LA POTERIE DE FèS :
La tradition pèse certainement plus lourdement au Maroc que dans bien d’autres pays. Elle régit les comportements autant que le cadre de vie, et même si tout change comme ailleurs, la présence de cette pensée parfois archaïque structure bien des aspects, des plus anodins aux plus fondamentaux. La pérennité des habitudes alimentaires a permis par exemple de conserver de nombreuses formes de céramiques domestiques. La poterie de Fès est une illustration parfaite de cet état d’esprit : elle est toujours produite exactement de la même façon depuis des temps qu’il est difficile de dater hors des techniques les plus sophistiquées, tellement elle se reproduit toujours à l’identique. Pour nous qui vivons dans un environnement d’objets complètement industrialisés, le contraste est énorme et donc attirant. Alors j’ai cherché à adapter aux carrelages la technique et les thèmes de la poterie peinte de Fès, transposition que les potiers eux-mêmes n’avaient pas vraiment exploitée jusqu’ici.

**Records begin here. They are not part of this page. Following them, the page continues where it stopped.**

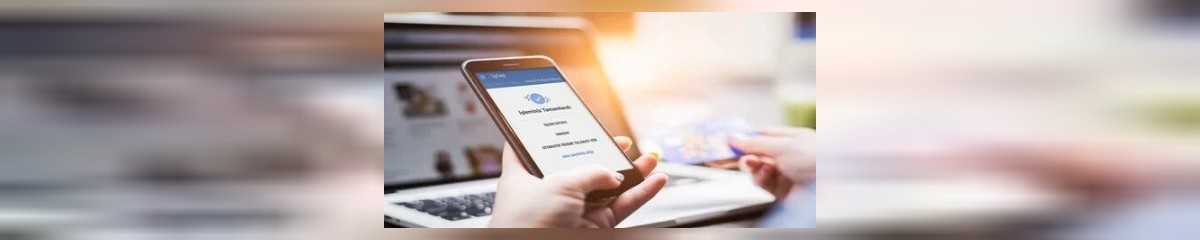 otomatik ödeme talimatı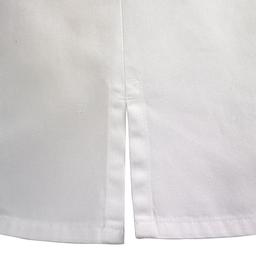 Product thumb gallery 2991943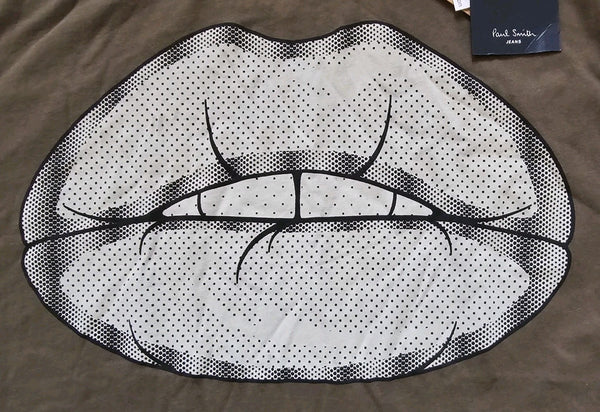45292781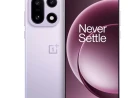 ONE PLUS NEW MODEL 15  S LAUNCHING SOON 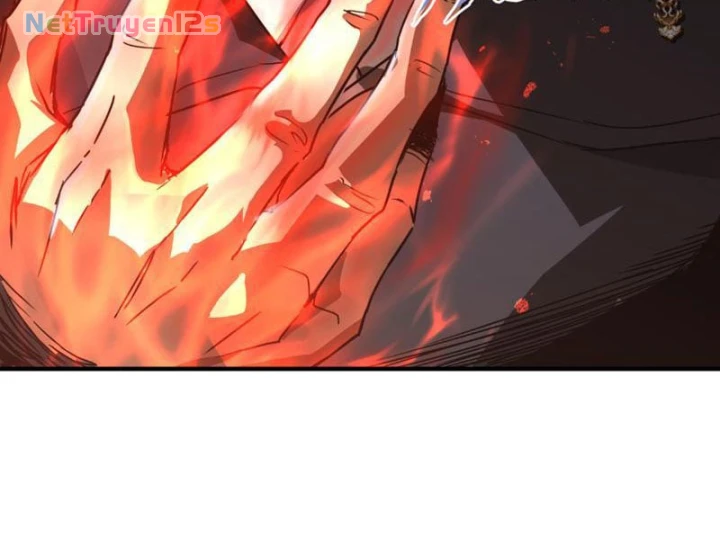 Cao Võ: Một Tay Nghiền Nát Ba Ngàn Đại Đế! Chapter 45 - 68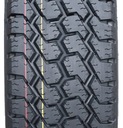 4 ШИНЫ ВСЕСЕЗОННЫЕ 215/75R16C, комплект из 4 шт. ARK 215/75 r16c КРУГЛЫЙ ГОД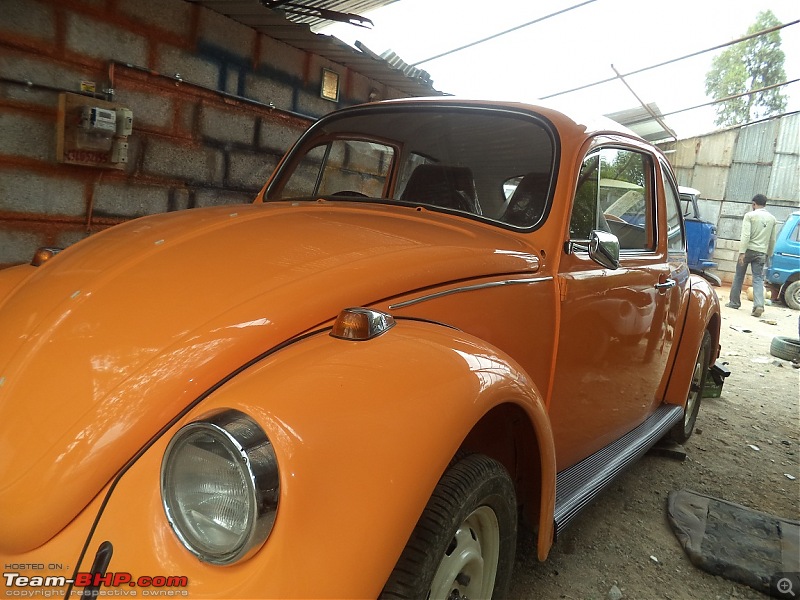 1970 VW Beetle Restoration - Delivered-dsc00485.jpg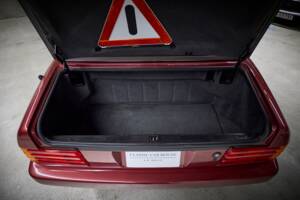 Bild 57/99 von Mercedes-Benz SL 320 (1995)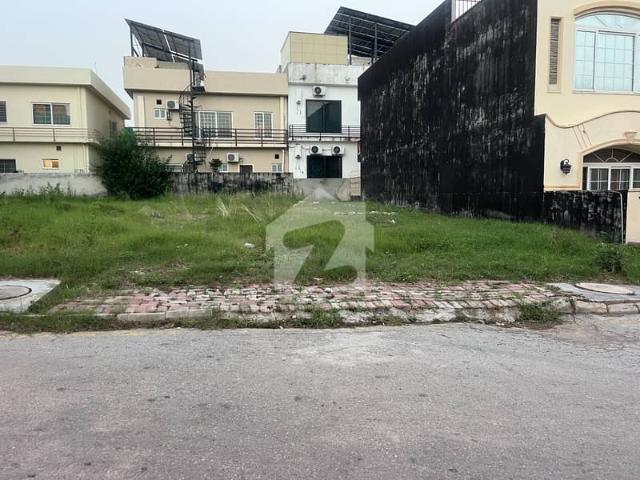 Property for sale in Islamabad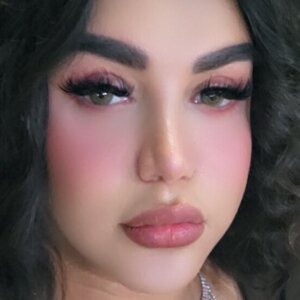 Baran
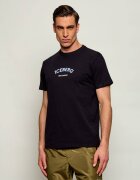 Iceberg Tricou | regular fit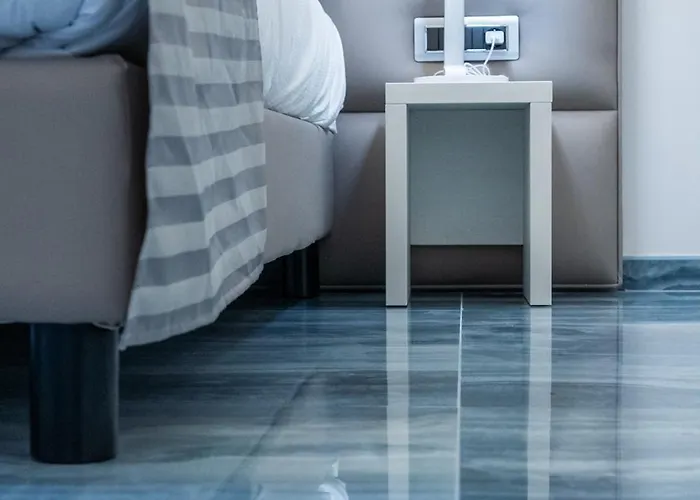 Correnti Boutique Luxury 3*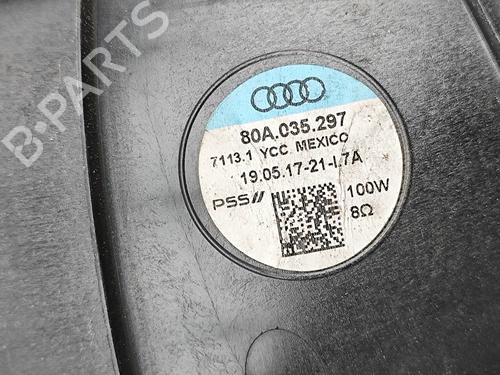 Speaker AUDI Q5 (FYB, FYG) SQ5 TFSI quattro | BP36231853E2 - Image 6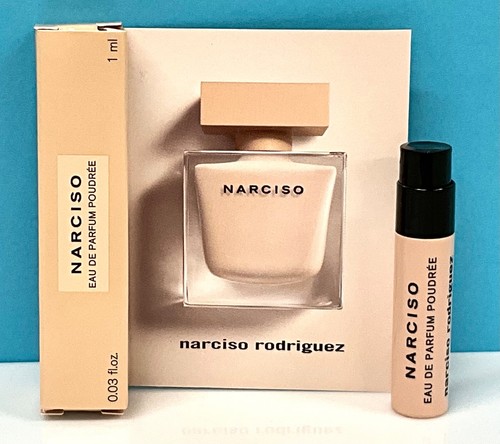 Narciso rodriguez - rodriguez,
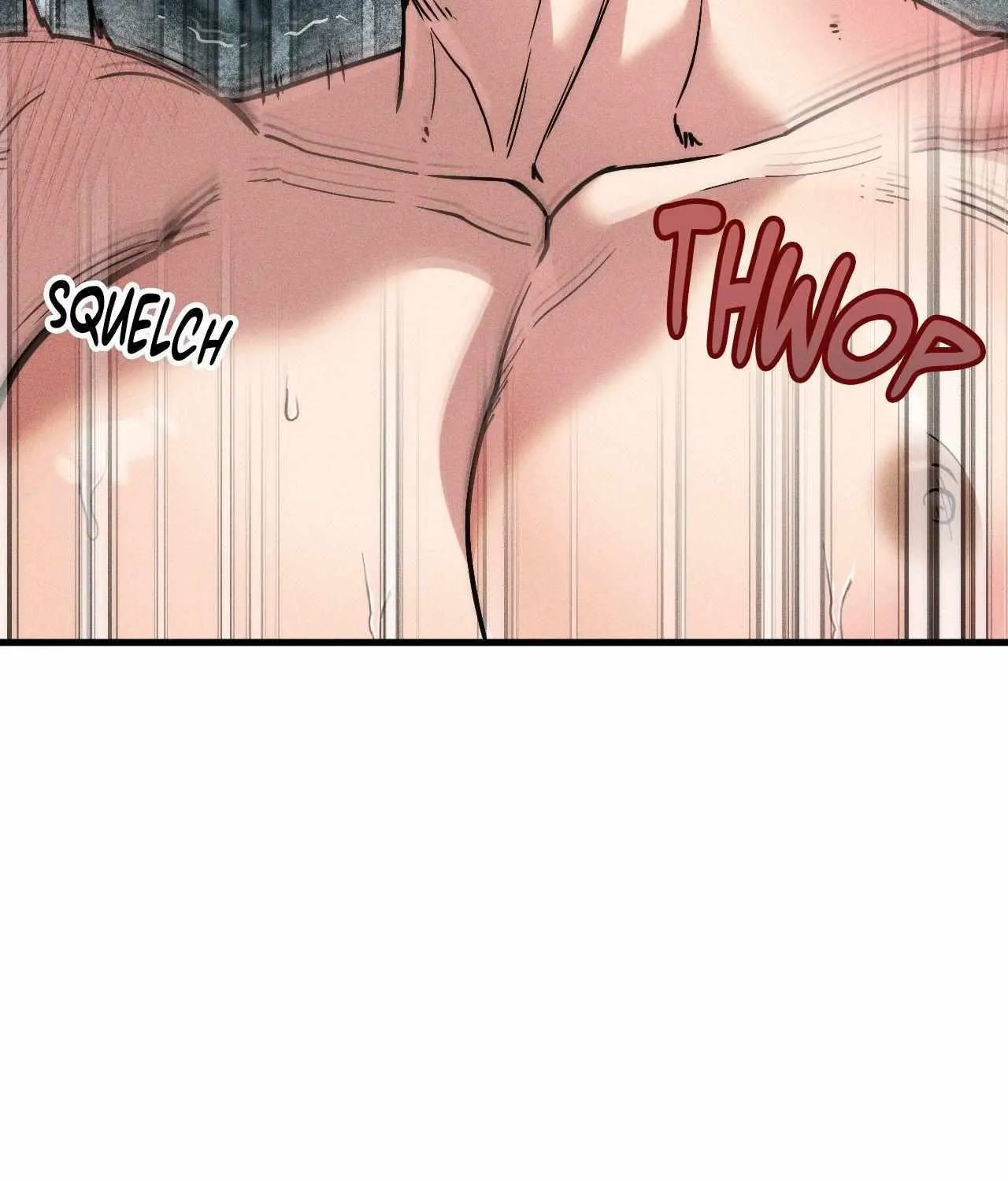 Read Swallow You Whole chapter 34 image 4 on Lezhin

Je n’ai donc pas pu travailler d’après des modèles de carrelages, j’ai improvisé dans les limites d’une thématique ancestrale dont j’ai puisé les sources dans les musées, en réorganisant les motifs selon la logique formelle du carrelage qui est très différente de celle d’une poterie. Ces motifs étaient si familiers aux potiers que la transposition s’est passée sans difficulté. Le résultat est donc totalement inédit, tout en étant profondément ancré dans la culture traditionnelle. On peut évoquer les carreaux de Delft ou les azulejos portugais, en dépit d’une identité mauresque très affirmée dans sa composante géométrique notamment. C’est qu’il s’agit d’une culture populaire, d’un artisanat plus ou moins savant selon les cas, mais qui est toujours basé sur l’infinie répétition des thèmes. Cependant et paradoxalement, une forme de liberté d’écriture de chaque artisan s’y exprime en toute modestie, avec souvent un humour et une fraîcheur candide qui semble nous adresser un sourire.